Ahora, cuando llegamos al Centenario del nacimiento de Juan Antonio Bardem el 2 de junio de 1922, es el momento de regresar a él y a su obra. No tanto con homenajes, que de poco sirven, como con la revisión de una filmografía bien merecedora de ello, sobre todo si conseguimos alejarnos de los muchos y variados tópicos que la han acompañado.
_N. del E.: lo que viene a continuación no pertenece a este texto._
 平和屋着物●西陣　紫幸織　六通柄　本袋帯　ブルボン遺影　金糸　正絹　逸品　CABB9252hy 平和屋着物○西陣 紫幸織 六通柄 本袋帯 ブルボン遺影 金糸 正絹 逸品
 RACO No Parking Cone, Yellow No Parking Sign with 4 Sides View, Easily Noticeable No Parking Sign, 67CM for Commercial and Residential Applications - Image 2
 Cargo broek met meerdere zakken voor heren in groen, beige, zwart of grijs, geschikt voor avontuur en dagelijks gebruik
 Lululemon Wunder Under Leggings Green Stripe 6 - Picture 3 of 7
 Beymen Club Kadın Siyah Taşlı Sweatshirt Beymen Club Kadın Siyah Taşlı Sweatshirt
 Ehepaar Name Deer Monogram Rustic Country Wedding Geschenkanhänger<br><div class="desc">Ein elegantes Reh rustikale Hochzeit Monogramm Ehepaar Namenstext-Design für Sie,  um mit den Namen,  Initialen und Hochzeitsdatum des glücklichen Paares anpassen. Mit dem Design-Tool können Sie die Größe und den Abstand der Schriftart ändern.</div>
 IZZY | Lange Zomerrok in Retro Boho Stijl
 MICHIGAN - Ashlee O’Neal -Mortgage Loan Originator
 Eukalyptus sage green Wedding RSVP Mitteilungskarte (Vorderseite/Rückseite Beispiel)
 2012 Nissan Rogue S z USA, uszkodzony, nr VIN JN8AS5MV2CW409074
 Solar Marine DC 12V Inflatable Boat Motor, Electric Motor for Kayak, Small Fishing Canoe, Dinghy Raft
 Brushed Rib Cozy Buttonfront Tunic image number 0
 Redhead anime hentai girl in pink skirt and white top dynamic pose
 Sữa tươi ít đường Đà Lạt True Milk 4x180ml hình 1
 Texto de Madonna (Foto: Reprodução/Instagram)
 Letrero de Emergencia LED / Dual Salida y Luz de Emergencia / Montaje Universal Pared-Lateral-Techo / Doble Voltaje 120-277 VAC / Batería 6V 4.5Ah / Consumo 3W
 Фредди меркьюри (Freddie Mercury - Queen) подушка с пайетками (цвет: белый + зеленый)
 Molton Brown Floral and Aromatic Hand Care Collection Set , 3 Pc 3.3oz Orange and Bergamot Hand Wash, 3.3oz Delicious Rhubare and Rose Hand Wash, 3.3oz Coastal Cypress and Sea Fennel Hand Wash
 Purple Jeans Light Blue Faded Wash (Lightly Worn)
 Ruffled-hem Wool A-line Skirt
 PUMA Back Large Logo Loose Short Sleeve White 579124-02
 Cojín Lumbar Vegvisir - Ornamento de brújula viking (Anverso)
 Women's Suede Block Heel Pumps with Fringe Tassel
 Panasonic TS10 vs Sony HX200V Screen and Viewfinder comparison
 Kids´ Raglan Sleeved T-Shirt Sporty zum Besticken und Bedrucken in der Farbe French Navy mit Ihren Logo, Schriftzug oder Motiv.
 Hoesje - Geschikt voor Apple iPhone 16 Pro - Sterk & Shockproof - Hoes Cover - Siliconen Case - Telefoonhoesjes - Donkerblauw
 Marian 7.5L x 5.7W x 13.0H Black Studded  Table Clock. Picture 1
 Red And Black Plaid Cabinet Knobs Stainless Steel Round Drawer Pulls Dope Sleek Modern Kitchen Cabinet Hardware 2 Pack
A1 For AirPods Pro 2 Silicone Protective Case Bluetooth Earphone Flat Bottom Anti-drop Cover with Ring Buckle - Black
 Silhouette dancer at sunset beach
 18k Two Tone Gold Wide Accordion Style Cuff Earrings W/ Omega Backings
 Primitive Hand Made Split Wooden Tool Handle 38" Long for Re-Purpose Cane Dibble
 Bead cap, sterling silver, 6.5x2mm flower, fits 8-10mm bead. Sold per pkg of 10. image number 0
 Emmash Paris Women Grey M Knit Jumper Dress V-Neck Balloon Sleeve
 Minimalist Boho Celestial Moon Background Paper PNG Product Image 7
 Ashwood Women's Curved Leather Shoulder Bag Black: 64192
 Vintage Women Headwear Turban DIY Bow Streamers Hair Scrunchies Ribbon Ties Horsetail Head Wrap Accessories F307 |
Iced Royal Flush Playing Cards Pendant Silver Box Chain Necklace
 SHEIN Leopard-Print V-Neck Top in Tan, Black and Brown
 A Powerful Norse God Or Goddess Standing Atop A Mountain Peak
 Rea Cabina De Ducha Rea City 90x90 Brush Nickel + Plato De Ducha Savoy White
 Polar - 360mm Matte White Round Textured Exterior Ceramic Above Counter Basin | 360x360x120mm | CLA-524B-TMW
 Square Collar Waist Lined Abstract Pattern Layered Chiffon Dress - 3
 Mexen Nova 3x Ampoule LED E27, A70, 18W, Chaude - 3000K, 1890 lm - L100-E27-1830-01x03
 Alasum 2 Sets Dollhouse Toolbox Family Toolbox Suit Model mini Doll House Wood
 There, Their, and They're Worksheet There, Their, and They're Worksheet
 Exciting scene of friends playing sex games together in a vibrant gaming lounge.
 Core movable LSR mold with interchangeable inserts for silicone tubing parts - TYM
Porque la valoración del trabajo de Bardem ha supuesto un carrusel
de opiniones y juicios, tantas veces alejados de criterios cinematográficos y
bañados por cuestiones políticas. De ser ensalzado en una primera etapa de su
carrera, la de Cómicos, Muerte de un ciclista y Calle Mayor, de 1953 a 1956, momento en que
los grandes Festivales internacionales se disputaban y premiaban sus películas,
hasta verse ninguneado a raíz de asumir encargos “alimenticios”, sobre todo desde
la debacle económica de la productora Uninci, que Bardem presidía, tras la radical
prohibición de Viridiana por parte del
Gobierno español. Es entonces cuando resurgen contra él adjetivos despectivos
en función de su militancia política, acusándole de haber hecho cine “al
servicio del Partido Comunista”, a seguir sus consignas en unos films puramente
“militantes” o “propagandísticos”. El síndrome anticomunista anidado en la
sociedad española jugó siempre muy en su contra.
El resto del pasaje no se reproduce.